Once you accept that mirror-image forms can behave differently, a practical question follows for anyone making medicines. Should a drug contain just one form, or both?
Some medicines are built from a single selected form. Esomeprazole, a common heartburn and acid reflux medicine used to reduce stomach acid, contains one specific form of omeprazole. Levosalbutamol, a breathing medicine for asthma, contains one selected form of salbutamol. Choosing a single form lets scientists concentrate on the exact molecular shape that contributes most to the intended effect.
Other medicines contain both mirror-image forms together, the left-handed and the right-handed versions in one product. This is called a racemic mixture. Ordinary omeprazole is a racemic product, containing both forms, while esomeprazole narrows this down to mainly one. When both forms are present, researchers have to ask whether both contribute to the treatment, or whether one does most of the work while the other sits weaker, inactive, or behaving differently.
The two forms of a drug can differ in how active they are, how safe they are, and how the body absorbs, distributes, breaks down, and clears them. No episode in the history of medicine made this clearer, or more painfully, than thalidomide.
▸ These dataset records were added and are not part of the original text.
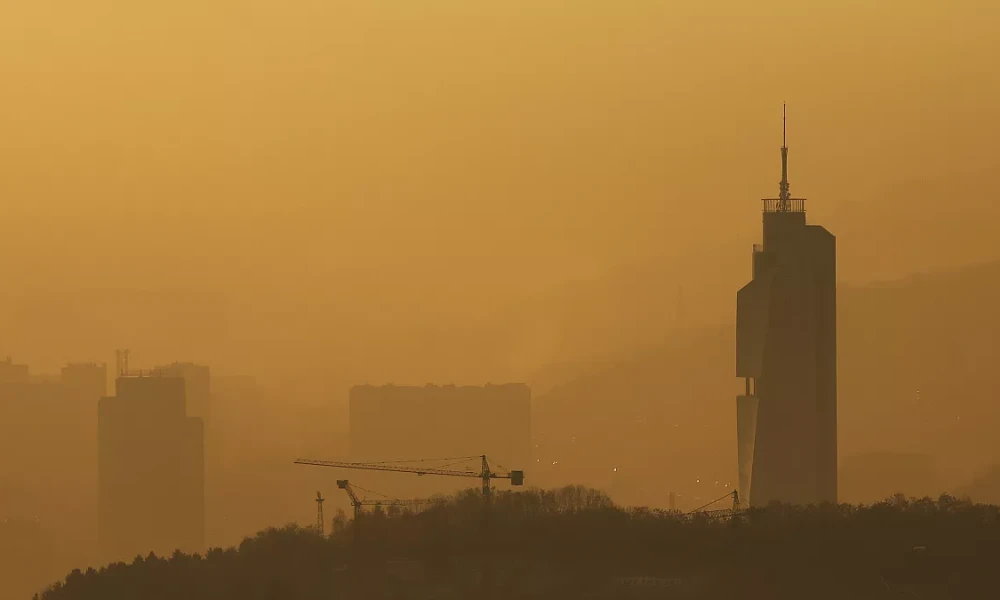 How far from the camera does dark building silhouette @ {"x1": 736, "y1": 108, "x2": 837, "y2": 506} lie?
476ft

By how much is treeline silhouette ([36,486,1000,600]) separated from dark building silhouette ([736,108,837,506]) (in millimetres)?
30189

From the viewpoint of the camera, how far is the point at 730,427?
184125 mm

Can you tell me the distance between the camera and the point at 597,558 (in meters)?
104

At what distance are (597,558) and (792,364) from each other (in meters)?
45.4

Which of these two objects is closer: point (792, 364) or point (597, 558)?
point (597, 558)

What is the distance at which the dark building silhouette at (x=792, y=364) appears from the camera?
145000 mm

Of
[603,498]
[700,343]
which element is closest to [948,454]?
[700,343]

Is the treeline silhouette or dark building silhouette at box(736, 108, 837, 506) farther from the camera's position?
dark building silhouette at box(736, 108, 837, 506)

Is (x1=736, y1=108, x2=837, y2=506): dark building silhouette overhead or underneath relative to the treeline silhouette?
overhead

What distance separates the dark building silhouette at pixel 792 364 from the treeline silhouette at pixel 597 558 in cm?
3019

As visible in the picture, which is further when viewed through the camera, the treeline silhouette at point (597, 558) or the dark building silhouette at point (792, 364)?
the dark building silhouette at point (792, 364)

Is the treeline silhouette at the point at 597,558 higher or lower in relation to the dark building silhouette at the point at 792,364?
lower

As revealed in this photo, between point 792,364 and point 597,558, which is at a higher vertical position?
point 792,364

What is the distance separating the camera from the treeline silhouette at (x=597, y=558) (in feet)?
321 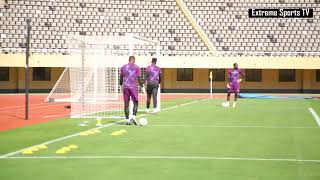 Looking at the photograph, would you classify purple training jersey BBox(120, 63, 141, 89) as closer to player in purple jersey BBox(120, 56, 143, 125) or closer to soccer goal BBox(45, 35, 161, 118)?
player in purple jersey BBox(120, 56, 143, 125)

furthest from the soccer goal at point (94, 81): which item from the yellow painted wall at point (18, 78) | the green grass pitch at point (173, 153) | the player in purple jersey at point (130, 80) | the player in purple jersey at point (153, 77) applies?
the yellow painted wall at point (18, 78)

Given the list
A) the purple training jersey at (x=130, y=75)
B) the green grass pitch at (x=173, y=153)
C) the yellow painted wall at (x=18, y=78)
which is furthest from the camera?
the yellow painted wall at (x=18, y=78)

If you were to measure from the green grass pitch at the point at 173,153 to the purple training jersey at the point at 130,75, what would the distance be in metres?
1.32

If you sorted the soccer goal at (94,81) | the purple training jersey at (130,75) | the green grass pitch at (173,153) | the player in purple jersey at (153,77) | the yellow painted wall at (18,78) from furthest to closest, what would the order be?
the yellow painted wall at (18,78) → the soccer goal at (94,81) → the player in purple jersey at (153,77) → the purple training jersey at (130,75) → the green grass pitch at (173,153)

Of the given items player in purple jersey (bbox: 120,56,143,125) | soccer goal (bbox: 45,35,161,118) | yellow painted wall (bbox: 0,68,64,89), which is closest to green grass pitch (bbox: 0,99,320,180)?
player in purple jersey (bbox: 120,56,143,125)

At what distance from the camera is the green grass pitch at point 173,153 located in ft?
26.5

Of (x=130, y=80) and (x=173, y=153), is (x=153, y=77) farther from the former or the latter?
(x=173, y=153)

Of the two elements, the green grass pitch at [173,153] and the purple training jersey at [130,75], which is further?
the purple training jersey at [130,75]

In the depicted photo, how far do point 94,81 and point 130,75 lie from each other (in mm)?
12087

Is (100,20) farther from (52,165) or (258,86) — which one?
(52,165)

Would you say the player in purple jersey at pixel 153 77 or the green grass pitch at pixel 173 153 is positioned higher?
the player in purple jersey at pixel 153 77

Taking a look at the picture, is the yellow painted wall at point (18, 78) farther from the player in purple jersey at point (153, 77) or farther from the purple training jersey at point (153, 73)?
the purple training jersey at point (153, 73)

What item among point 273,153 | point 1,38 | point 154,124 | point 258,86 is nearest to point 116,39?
point 154,124

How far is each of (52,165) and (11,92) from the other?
129 ft
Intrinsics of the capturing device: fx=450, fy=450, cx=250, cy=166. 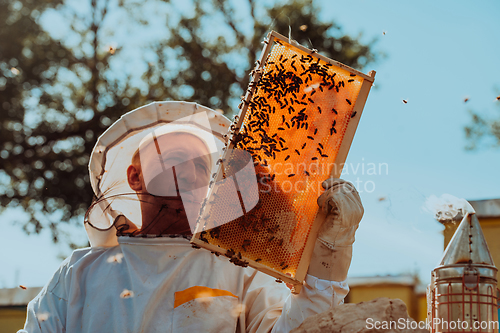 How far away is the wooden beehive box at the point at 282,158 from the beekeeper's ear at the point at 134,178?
3.69ft

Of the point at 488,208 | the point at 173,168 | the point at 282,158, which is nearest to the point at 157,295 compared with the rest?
the point at 173,168

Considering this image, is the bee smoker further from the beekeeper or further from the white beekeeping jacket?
the white beekeeping jacket

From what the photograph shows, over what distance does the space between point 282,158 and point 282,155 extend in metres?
0.02

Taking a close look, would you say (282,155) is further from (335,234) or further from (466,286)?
(466,286)

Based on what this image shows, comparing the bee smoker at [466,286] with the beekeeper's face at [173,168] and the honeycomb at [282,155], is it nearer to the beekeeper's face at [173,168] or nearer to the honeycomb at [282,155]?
the honeycomb at [282,155]

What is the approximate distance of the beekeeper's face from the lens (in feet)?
10.2

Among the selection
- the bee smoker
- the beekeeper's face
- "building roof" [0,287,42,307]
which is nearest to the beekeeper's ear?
the beekeeper's face

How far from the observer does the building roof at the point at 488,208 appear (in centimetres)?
574

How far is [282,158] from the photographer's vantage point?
2520 millimetres

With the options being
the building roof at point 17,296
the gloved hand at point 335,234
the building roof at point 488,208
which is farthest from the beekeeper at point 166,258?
the building roof at point 17,296

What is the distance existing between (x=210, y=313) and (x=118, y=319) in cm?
55

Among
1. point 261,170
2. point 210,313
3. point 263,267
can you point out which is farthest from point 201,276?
point 261,170

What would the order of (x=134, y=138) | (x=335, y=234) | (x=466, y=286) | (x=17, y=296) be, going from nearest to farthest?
(x=466, y=286)
(x=335, y=234)
(x=134, y=138)
(x=17, y=296)

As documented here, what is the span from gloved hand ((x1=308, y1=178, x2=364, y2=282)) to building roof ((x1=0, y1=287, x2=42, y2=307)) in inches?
262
In the late 1950s thalidomide was sold across Europe and beyond as a remedy for morning sickness in pregnant women. Like salbutamol, it was a racemic mixture of two mirror-image forms, and at the time pharmaceutical science did not yet grasp how much a molecule's handedness could change its behaviour in the body. The two forms of thalidomide turned out to behave very differently. The R-form acts broadly as intended, binding in the central nervous system to induce sleep and calm nausea. The S-form interacts differently and can cause severe developmental harm, fitting into a protein called cereblon and disrupting the normal development of a growing foetus.